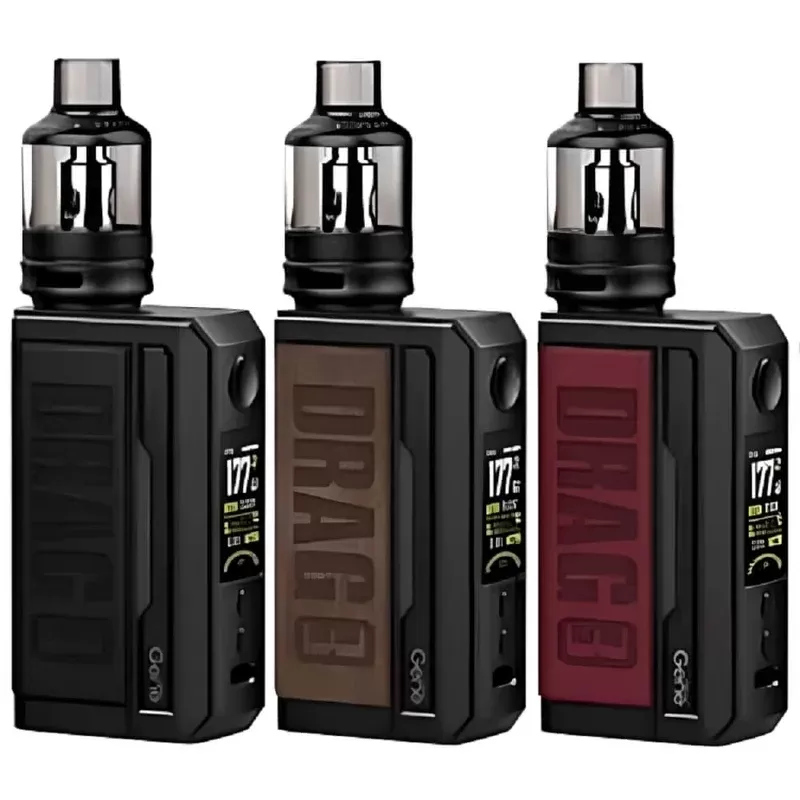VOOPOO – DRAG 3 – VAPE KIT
____________________
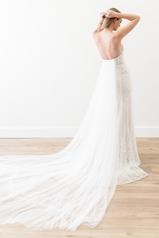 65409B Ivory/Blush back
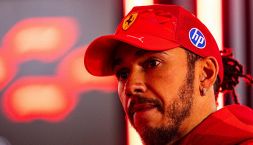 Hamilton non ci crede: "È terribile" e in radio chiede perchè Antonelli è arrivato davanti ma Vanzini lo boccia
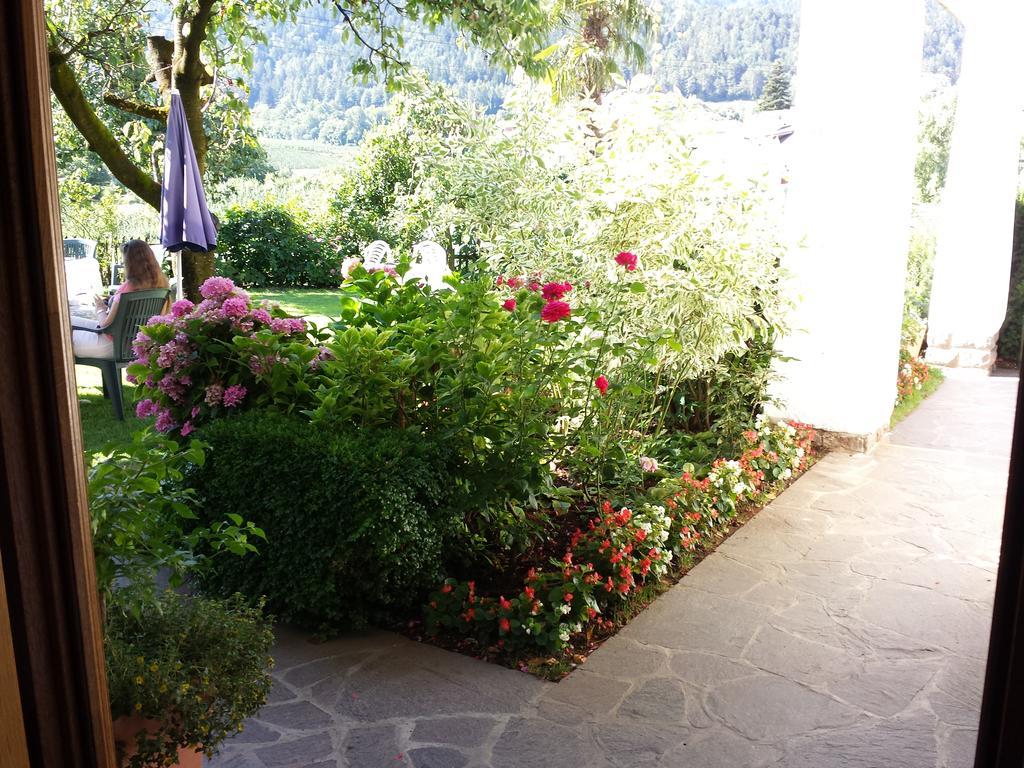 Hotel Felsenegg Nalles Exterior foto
____________________
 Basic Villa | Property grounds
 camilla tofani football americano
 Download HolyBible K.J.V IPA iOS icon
____________________
**Problem description**
How would the lines above read from the one with "Hamilton non ci" to the one with "Hotel Felsenegg Nalles Exterior foto", inclusive, with no pictures? Write them out exactly.

**Reply**
 Hamilton non ci crede: "È terribile" e in radio chiede perchè Antonelli è arrivato davanti ma Vanzini lo boccia
 Hotel Felsenegg Nalles Exterior foto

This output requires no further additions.